## Supplied information
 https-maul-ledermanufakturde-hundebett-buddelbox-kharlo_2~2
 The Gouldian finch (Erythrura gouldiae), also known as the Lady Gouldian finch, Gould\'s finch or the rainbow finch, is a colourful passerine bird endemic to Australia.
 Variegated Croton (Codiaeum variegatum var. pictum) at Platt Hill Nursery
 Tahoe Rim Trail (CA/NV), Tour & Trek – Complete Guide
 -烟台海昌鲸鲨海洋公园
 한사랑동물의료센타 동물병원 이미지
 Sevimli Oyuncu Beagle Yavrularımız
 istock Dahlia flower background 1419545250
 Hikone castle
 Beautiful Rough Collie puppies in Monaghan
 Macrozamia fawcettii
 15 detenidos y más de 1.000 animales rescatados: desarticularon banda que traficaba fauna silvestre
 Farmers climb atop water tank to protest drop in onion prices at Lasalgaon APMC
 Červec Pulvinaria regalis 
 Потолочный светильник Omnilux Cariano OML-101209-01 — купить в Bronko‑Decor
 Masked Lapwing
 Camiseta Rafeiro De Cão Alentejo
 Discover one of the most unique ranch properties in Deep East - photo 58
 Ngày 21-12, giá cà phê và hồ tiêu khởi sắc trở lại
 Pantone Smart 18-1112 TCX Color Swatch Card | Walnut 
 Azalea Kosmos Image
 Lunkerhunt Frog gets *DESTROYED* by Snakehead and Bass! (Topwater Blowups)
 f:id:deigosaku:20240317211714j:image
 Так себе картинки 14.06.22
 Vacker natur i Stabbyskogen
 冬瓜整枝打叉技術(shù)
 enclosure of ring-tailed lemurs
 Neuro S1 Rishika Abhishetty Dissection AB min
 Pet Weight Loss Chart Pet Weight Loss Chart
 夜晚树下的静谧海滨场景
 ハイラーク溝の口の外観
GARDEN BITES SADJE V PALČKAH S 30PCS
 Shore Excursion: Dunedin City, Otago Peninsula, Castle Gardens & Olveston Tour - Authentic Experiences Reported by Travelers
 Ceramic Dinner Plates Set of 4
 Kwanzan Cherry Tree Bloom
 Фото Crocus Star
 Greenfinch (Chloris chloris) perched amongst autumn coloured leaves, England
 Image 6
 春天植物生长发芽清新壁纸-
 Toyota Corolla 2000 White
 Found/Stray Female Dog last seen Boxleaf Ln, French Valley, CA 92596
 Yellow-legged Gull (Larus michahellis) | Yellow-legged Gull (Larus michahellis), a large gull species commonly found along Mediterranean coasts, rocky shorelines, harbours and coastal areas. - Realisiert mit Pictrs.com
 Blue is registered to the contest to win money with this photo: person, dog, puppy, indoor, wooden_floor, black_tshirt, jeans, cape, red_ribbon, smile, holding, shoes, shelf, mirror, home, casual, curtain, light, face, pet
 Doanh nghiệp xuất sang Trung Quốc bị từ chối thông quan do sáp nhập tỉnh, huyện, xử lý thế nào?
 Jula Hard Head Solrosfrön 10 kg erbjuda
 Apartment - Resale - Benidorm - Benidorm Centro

## Your assignment
Count the lines in the records above that contain "photo", please, and give the number without any other words.

## Result of this exercise
2